In classic Sanderson fashion, the beginning of this book was the part to see the biggest edits. I usually start a novel, write from beginning to end, then go back and play heavily with my beginning to better match the tone of the book.
Here, one of my big decisions was to choose between two prologues I had written out. One was with the Heralds, and set the stage for a much larger story—I liked the epic feel it gave, and the melancholy tone it set. The other was Szeth’s attack on Kholinar. This was a great action sequence that set up some of the plots for the novel in a very good way, but had a steep learning curve.
I was very tempted to use both, which was what I eventually did. This wasn’t an easy decision, however, as this book was already going to start with a very steep learning curve. Prelude→prologue→Cenn→Kaladin→Shallan would mean five thick chapters at the start of the book without any repeating settings or viewpoint characters.

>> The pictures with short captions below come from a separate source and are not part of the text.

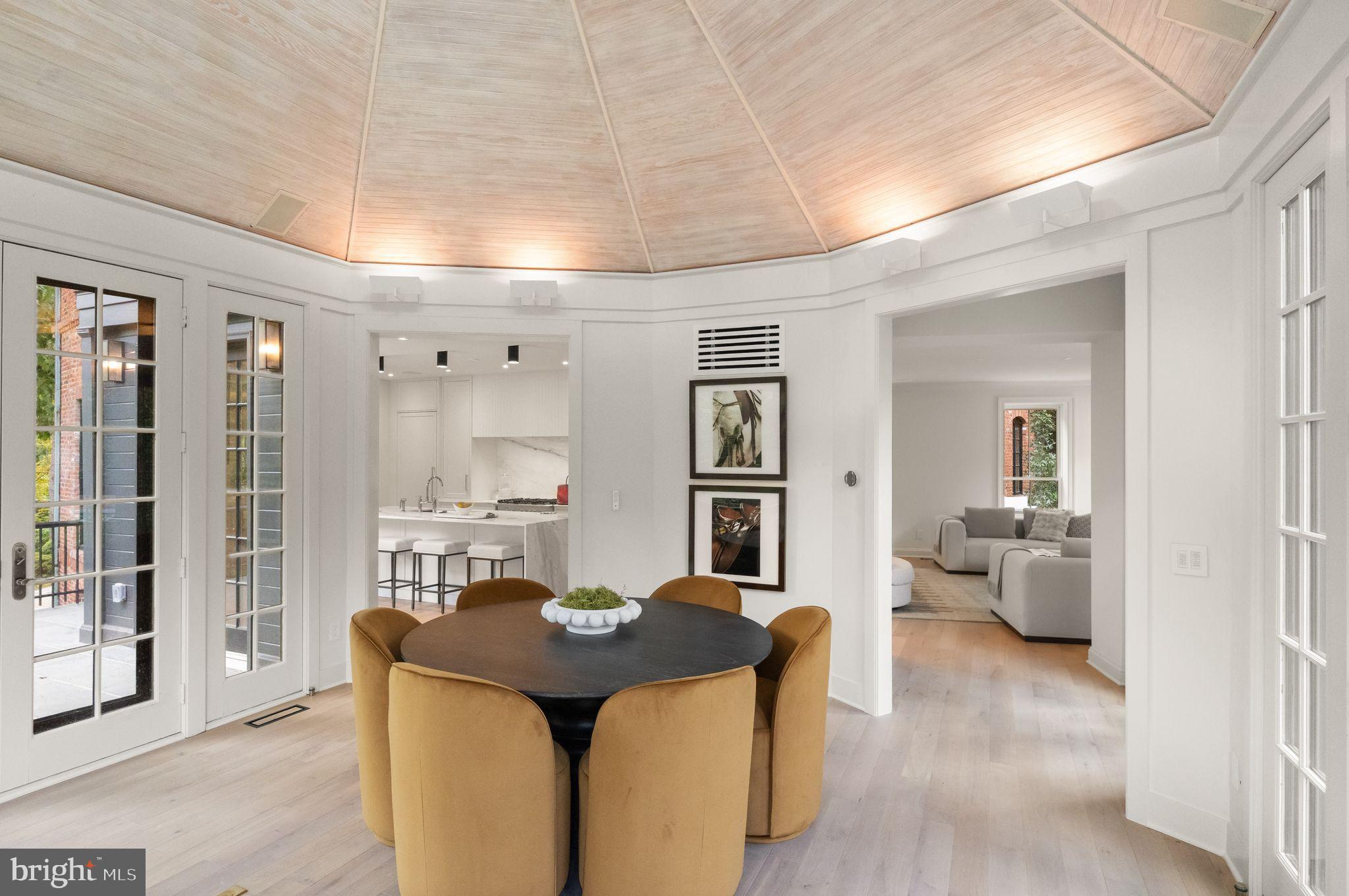 CLEVELAND PARK - Residential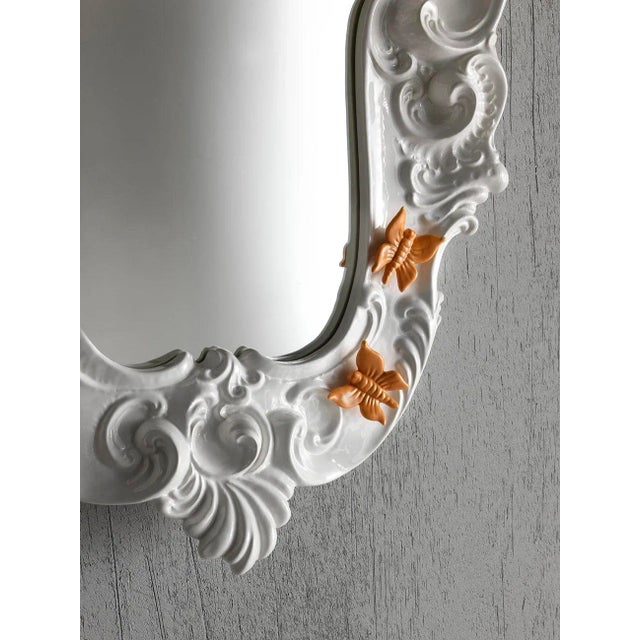 Ceramic becomes a game that allows the butterflies to move and move in their mother form, the mirror, thanks to the use of...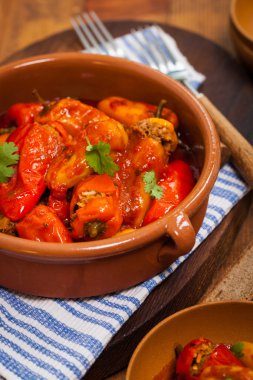 fırında biber dolması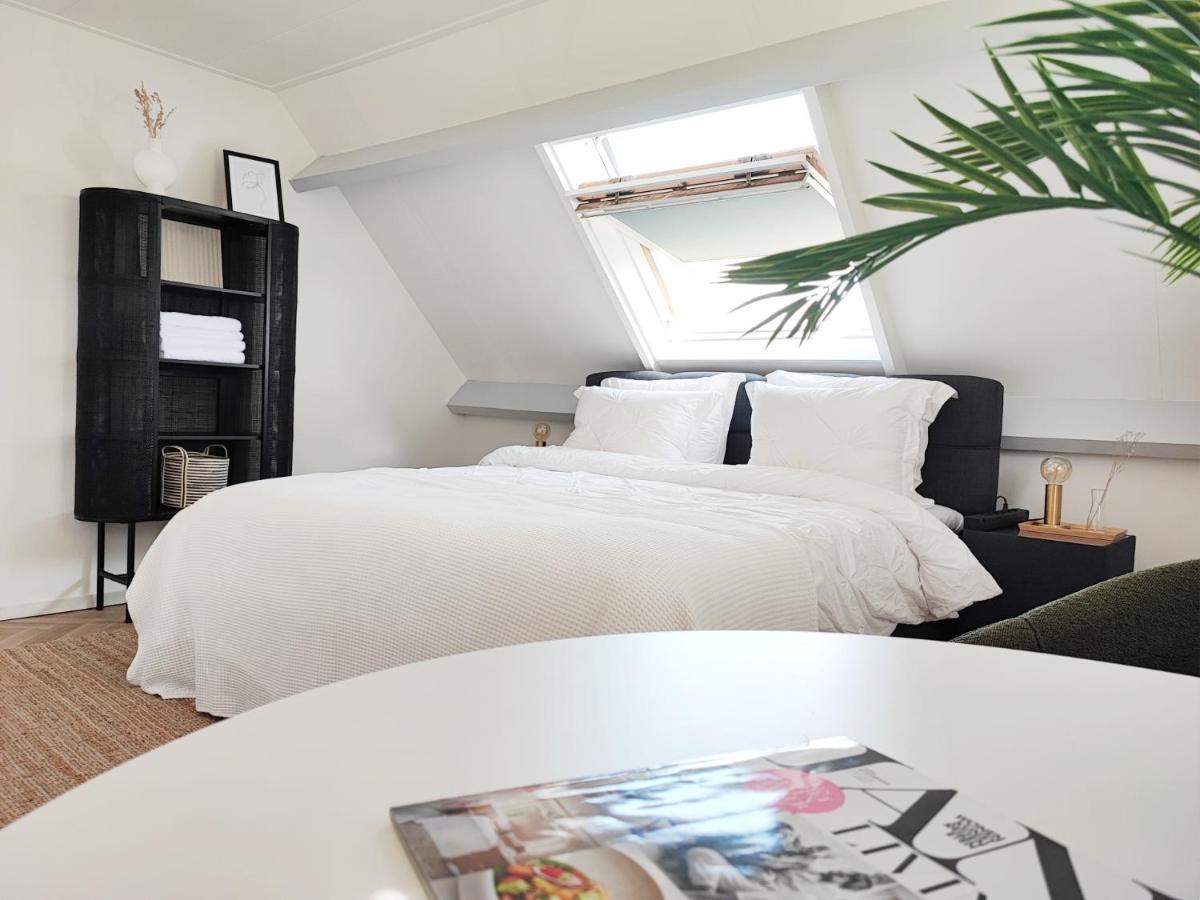 Guesthouse At The Amstel River With 2Br 2Ba And Garden أمستلفين المظهر الخارجي الصورة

This can sink a novel quickly. As it stands, this is the most difficult thing about The Way of Kings as a novel. Many readers will feel at sea for a great deal of Part One because of the challenging worldbuilding, the narrative structure, and the fact that Kaladin’s life just plain sucks.
It seems that my instincts were right. People who don’t like the book often are losing interest in the middle of Part One. When I decided to use the prelude and the prologue together, I figured I was all in on the plan of a thick epic fantasy with a challenging learning curve. That decision doesn’t seem to have destroyed my writing career yet.